(MATERIAL PROVIDED):

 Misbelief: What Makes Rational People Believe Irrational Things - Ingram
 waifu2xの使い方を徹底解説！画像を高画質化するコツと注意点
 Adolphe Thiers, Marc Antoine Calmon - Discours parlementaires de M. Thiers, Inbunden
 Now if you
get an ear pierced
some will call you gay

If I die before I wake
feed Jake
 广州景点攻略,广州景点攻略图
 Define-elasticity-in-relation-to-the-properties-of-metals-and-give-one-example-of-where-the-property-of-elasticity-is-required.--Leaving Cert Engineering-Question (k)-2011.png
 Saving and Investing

---

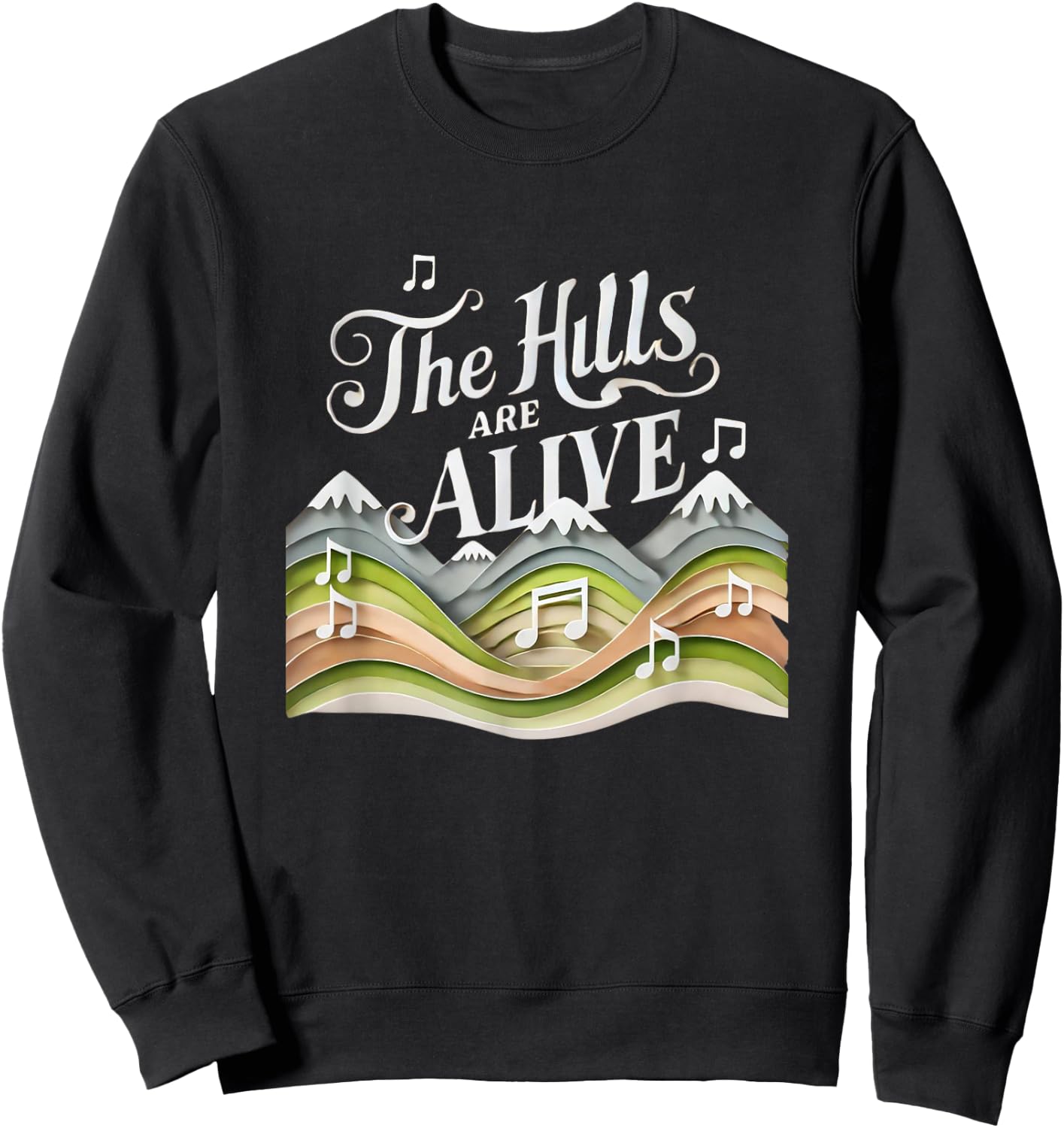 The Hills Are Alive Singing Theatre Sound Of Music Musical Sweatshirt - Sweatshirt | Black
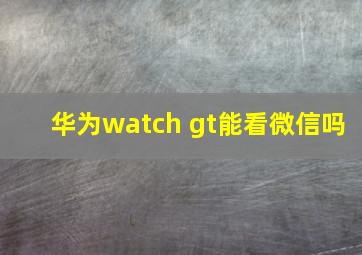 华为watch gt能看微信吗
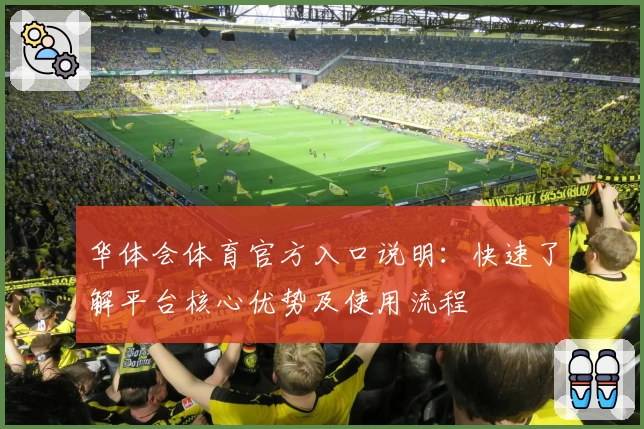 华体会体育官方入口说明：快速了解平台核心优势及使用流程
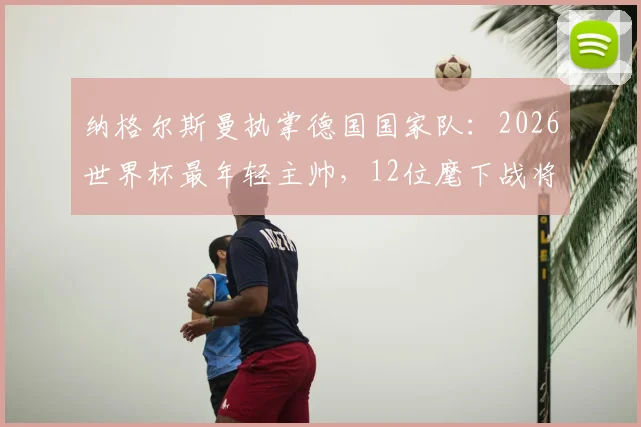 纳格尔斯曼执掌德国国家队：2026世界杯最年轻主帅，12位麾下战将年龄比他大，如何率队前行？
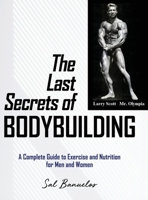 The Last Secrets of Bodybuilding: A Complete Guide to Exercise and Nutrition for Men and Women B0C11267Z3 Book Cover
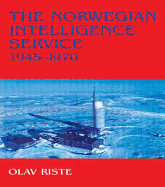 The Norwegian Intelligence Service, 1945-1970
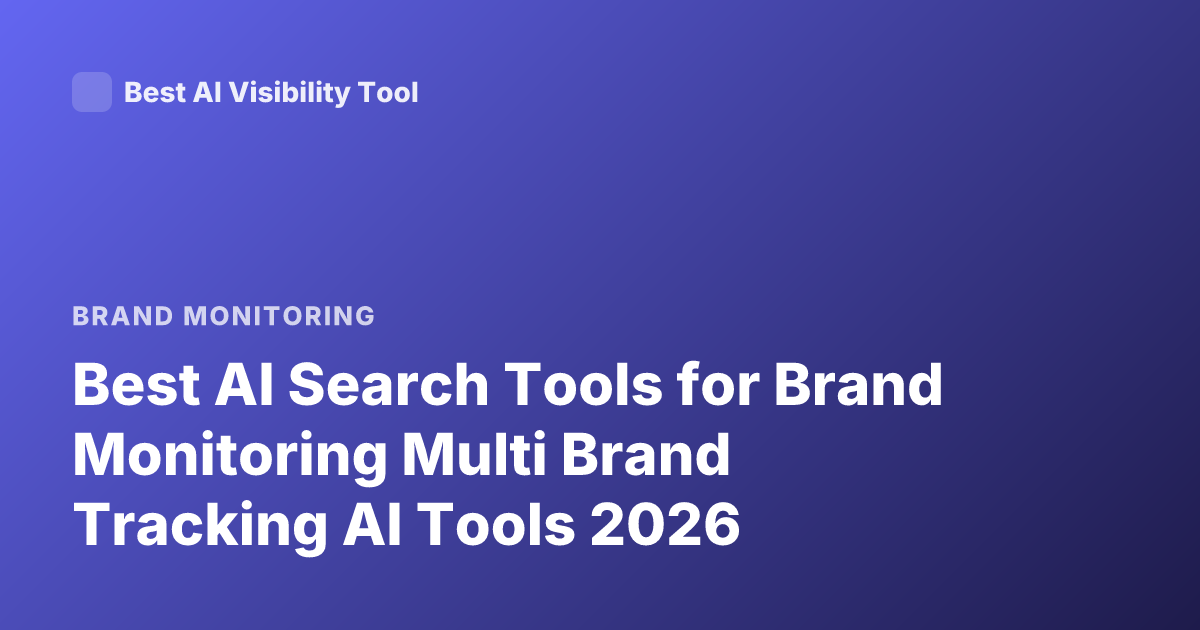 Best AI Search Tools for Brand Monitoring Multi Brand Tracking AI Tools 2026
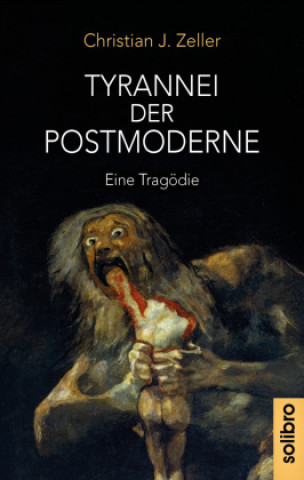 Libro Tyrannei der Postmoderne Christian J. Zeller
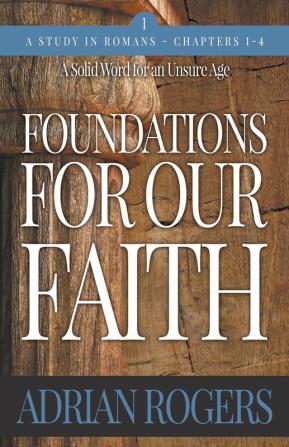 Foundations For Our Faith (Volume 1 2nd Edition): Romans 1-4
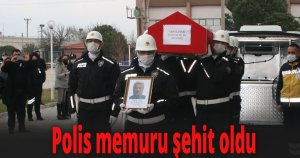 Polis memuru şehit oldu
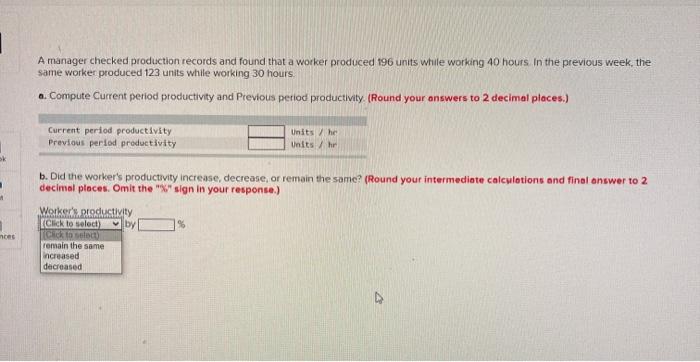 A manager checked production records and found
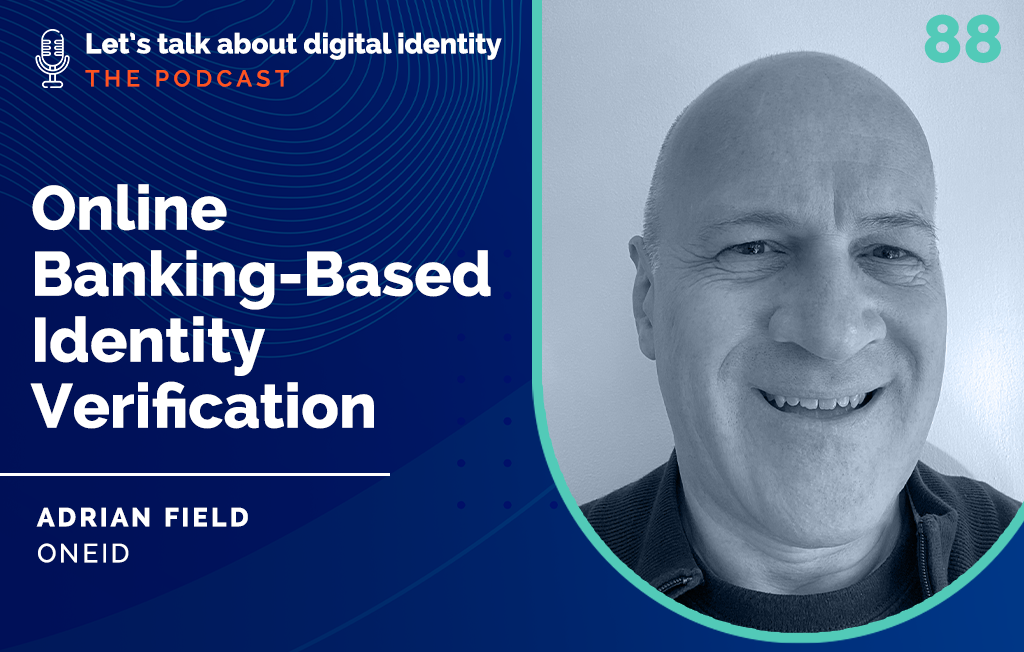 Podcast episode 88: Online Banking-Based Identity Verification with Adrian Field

(WORK ITEM): Please reproduce the lines from the line with "waifu2xの使い方を徹底解説！画像を高画質化するコツと注意点" to the line with "Saving and Investing", both ends included, exactly as they appear above.

(TASK SOLUTION):
 waifu2xの使い方を徹底解説！画像を高画質化するコツと注意点
 Adolphe Thiers, Marc Antoine Calmon - Discours parlementaires de M. Thiers, Inbunden
 Now if you
get an ear pierced
some will call you gay

If I die before I wake
feed Jake
 广州景点攻略,广州景点攻略图
 Define-elasticity-in-relation-to-the-properties-of-metals-and-give-one-example-of-where-the-property-of-elasticity-is-required.--Leaving Cert Engineering-Question (k)-2011.png
 Saving and Investing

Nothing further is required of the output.